Appropriate effects on respiratory output. A CRC must have the capability of increasing respiratory output in response to an increase in CO2. This could be accomplished if the neurone is part of the respiratory network, or if it projects to respiratory neurones and releases neurotransmitters that influence respiratory output.
Assumptions that cannot be made about central respiratory chemoreceptors
Although assumptions are often made about the following properties of CRCs, they cannot be substantiated until the CRCs have been unequivocally identified.
Primary stimulus. It is often assumed that the primary stimulus for central chemoreception is either intracellular pH or extracellular pH, and there is good evidence for this in some CRC candidates (Wang et al. 2002; Putnam et al. 2004), but it remains possible that some CRCs respond instead to HCO3 or molecular CO2.

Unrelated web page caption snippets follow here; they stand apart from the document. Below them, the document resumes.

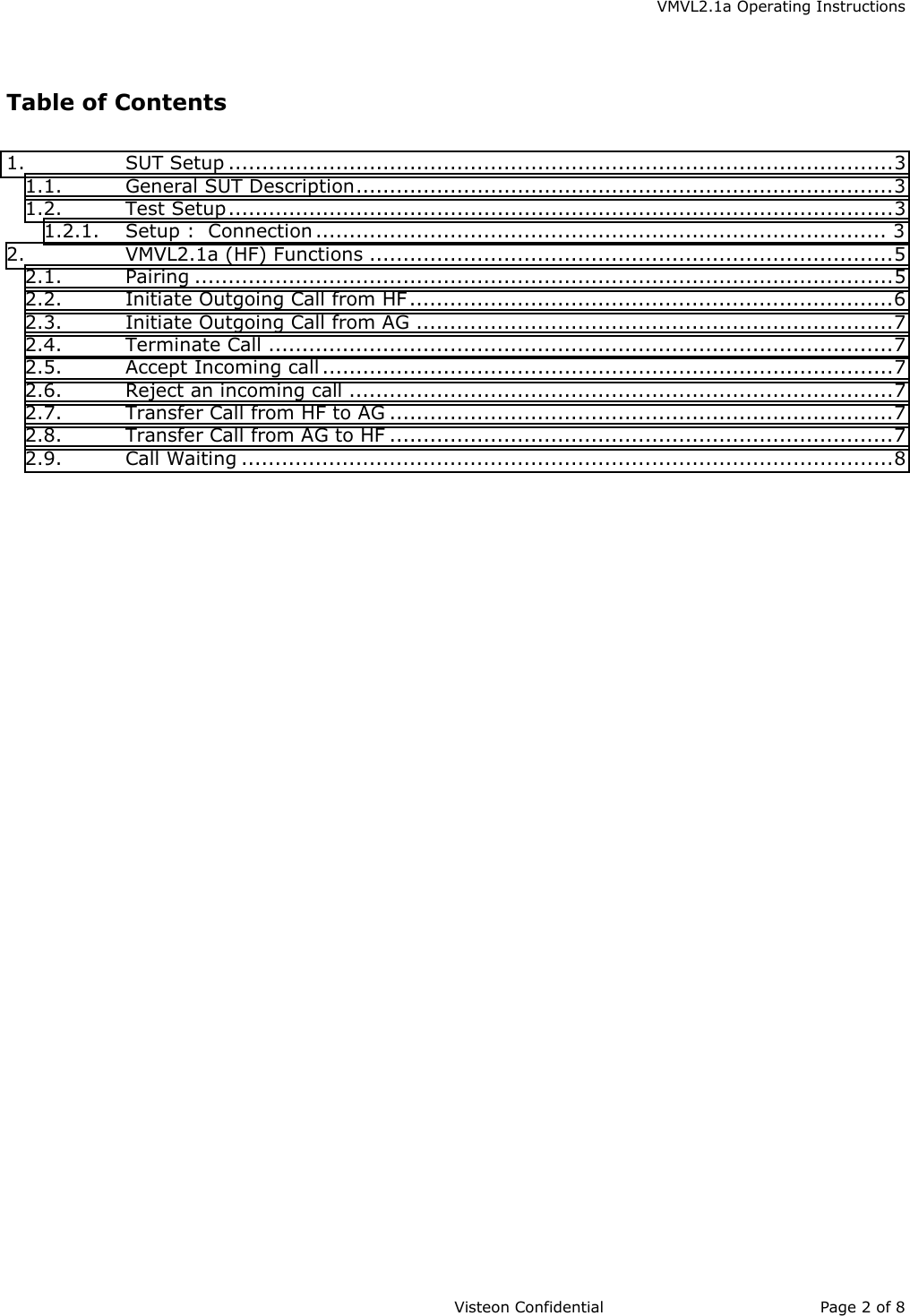    VMVL2.1a Operating Instructions                     Visteon Confidential Page 2 of 8   Table of Contents  1. SUT Setup ...................................................................................................3 1.1. General SUT Description................................................................................3 1.2. Test Setup...................................................................................................3 1.2.1. Setup :  Connection ..................................................................................... 3 2. VMVL2.1a (HF) Functions ..............................................................................5 2.1. Pairing ........................................................................................................5 2.2. Initiate Outgoing Call from HF ........................................................................6 2.3. Initiate Outgoing Call from AG .......................................................................7 2.4. Terminate Call .............................................................................................7 2.5. Accept Incoming call .....................................................................................7 2.6. Reject an incoming call .................................................................................7 2.7. Transfer Call from HF to AG ...........................................................................7 2.8. Transfer Call from AG to HF ...........................................................................7 2.9. Call Waiting .................................................................................................8   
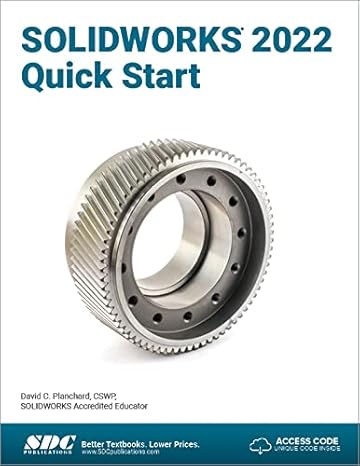 solidworks 2022 quick start 1st edition david planchard 1630574783, 978-1630574789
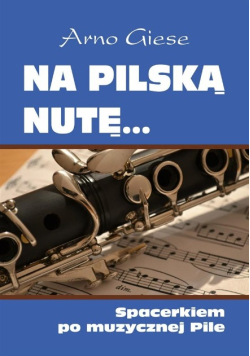 Na pilską nutę Spacerkiem po muzycznej Pile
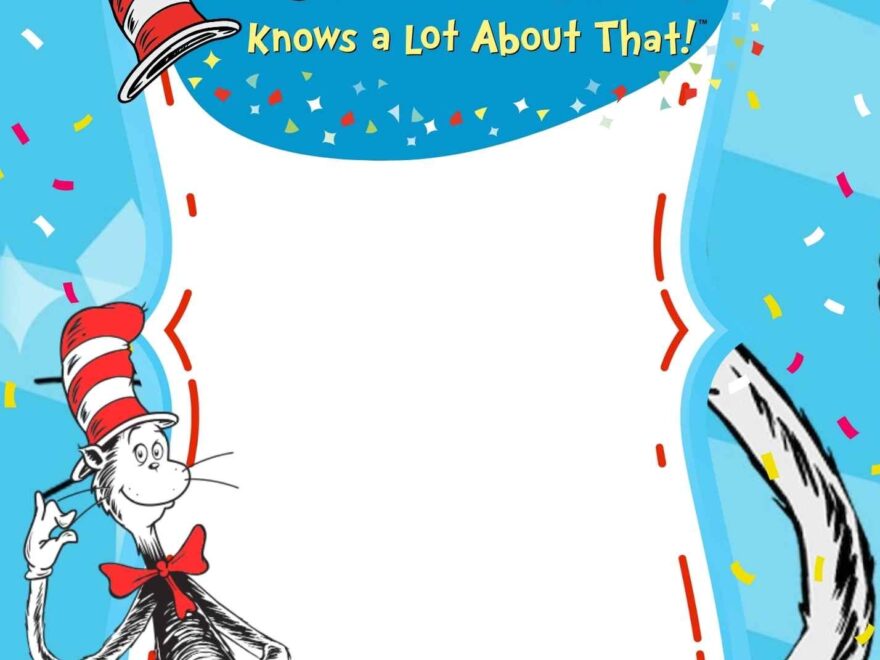 FREE Editable The Cat In The Hat Knows A Lot About That Birthday Invitations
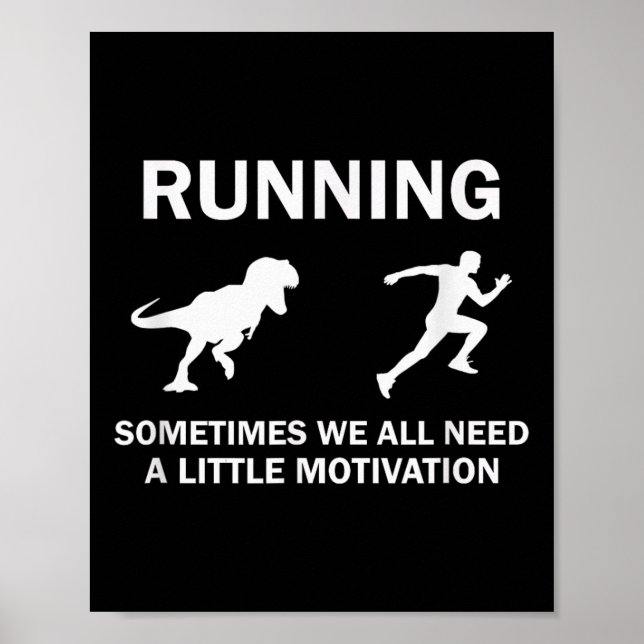 Running Motivation Raptor Chase Funny Dinosaur  Poster (Front)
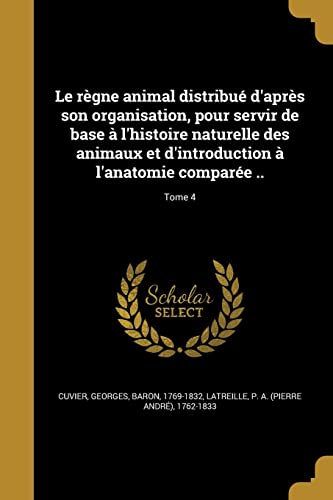 9781371195908: Le rgne animal distribu d'aprs son organisation, pour servir de base  l'histoire naturelle des animaux et d'introduction  l'anatomie compare ..; Tome 4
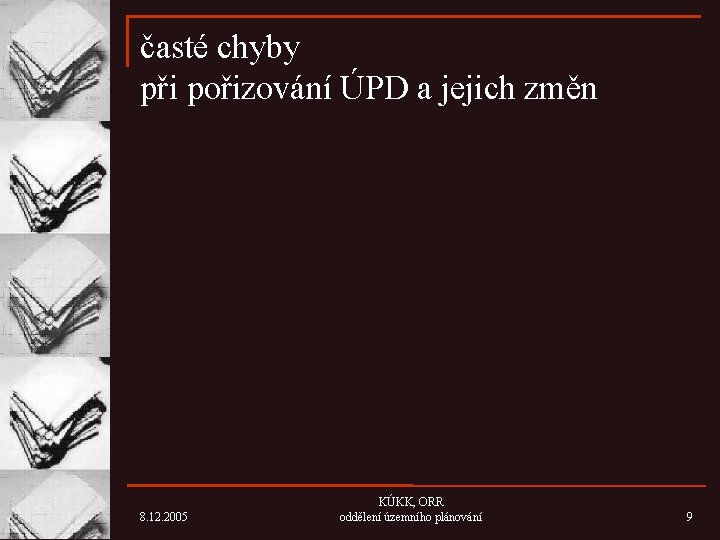 časté chyby při pořizování ÚPD a jejich změn 8. 12. 2005 KÚKK, ORR oddělení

Type of response to acidosis. It is often assumed that the CRCs are neurones stimulated by acidosis and in turn stimulate breathing, but a CRC could also be inhibited by acidosis and then in turn release respiratory output from tonic inhibition (Wang et al. 2001). There is a precedent for such inhibitory respiratory chemoreceptors in reptiles and birds (Powell et al. 1988). It is also possible that some CRCs are glia.
Degree of chemosensitivity. At the systems level, respiratory output is extremely sensitive to changes in PCO2, so it is often assumed that each individual CRC neurone is equally sensitive. However, this is not necessary because there are many opportunities for the response to be amplified within the respiratory network. For example, many neurones contain co-localized neuropeptides that are only released after firing rate increases to higher levels, and neuropeptides can have larger effects on postsynaptic neurones than the primary neurotransmitter. There are also other mechanisms that could lead to amplification downstream, including divergence, convergence and distributed chemosensitivity (Fig. 1).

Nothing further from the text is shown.